Syllabus
 
CLASS INFORMATION
 
CSCI-6967 Database Systems: M-Th 2 PM - 3:20 PM, Sage 2707
Instructor: Sibel Adalı, ( 313 Lally Hall, adalis@rpi.edu )    
Office Hours: M 3:30 - 5 PM, W 4 - 6 PM
 
 
INTRODUCTION AND PREREQUISITES
This course will introduce you to the topic of information integration, i.e. constructing information services that gather information from multiple, heterogeneous systems. The emphasis in such services is the flexibility and performance. The integrated systems must provide important performance and correctness guarantees, but they must be easy to build, use and applicable to large range of applications. We will concentrate mainly on the theory of integration, challenges that must be addressed in dealing with various incompatibilities in the underlying systems. We will also discuss some new applications of information application and review some industry tools developed for this purpose. This is a graduate level course in databases and requires previous knowledge of databases, equivalent of CSCI 4380 Database Systems. Students are expected to be familiar with the following topics that would be taught in an introductory database class: relational data model, indexing, query processing and optimization in databases.
 
TEXTBOOK
There is no textbook for this class. We will cover research papers, most of them will be linked from the course web site. Note that you need to be on campus to be able to load most of the papers. When off campus, you must follow the library links for each research database.
 
Topics to be covered:    
 
  1. Introduction to information integration
  2. Introduction to logic as a database language
  3. Logical integration (LAV, GAV, GLAV)

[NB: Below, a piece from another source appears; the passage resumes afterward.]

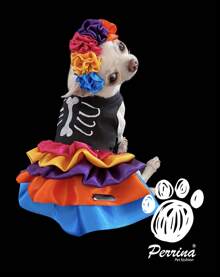 DISFRAZ PERRINA HALLOWEEN DIA DE MUERTOS PARA MASCOTA CATRINA - Multicolor - Ver 1
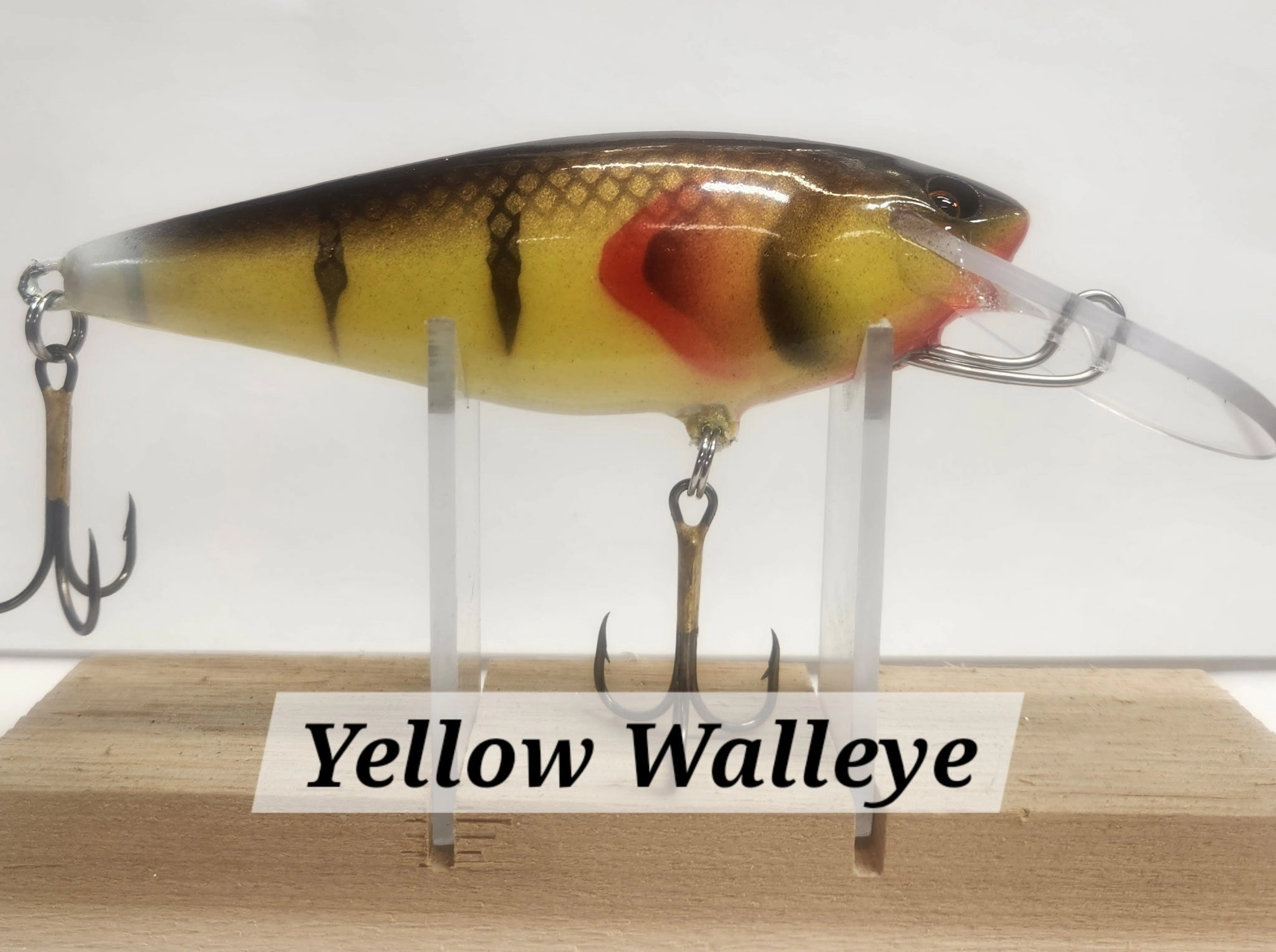 Muskie Train Bullet Train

  4. Logical issues related to integration
  5. Generating mappings
  6. Model management and schema composition
  7. Integration and ontologies
  8. Integration in P2P Systems and Workflows
  9. Applications: scientific applications (esp. bioinformatics), personal information systems, mash-up systems
  10. Existing tools
 
This list is tentative and subject to change as the semester progresses.
 
GRADING
Homeworks: There will be no exams in this course. You will have homeworks roughly every 7-10 days based on the material covered in class. Homeworks will count for 30% of your grade.
 
Presentations: Each student is expected to make two presentations in class. Each presentation will be 30-45 minutes depending on the topic and will count for 10% of your grade. You are expected to make one presentation on a research topic and one presentation on existing industry tools for specific problems. Each presentation is expected to be an in depth description of the covered material.
 
Project: Each student is expected to work on a project that either illustrates the use of the methods discussed in class for a specific problem (implementation) or solves a specific new problem (theory). Projects will count for 40% of your grade.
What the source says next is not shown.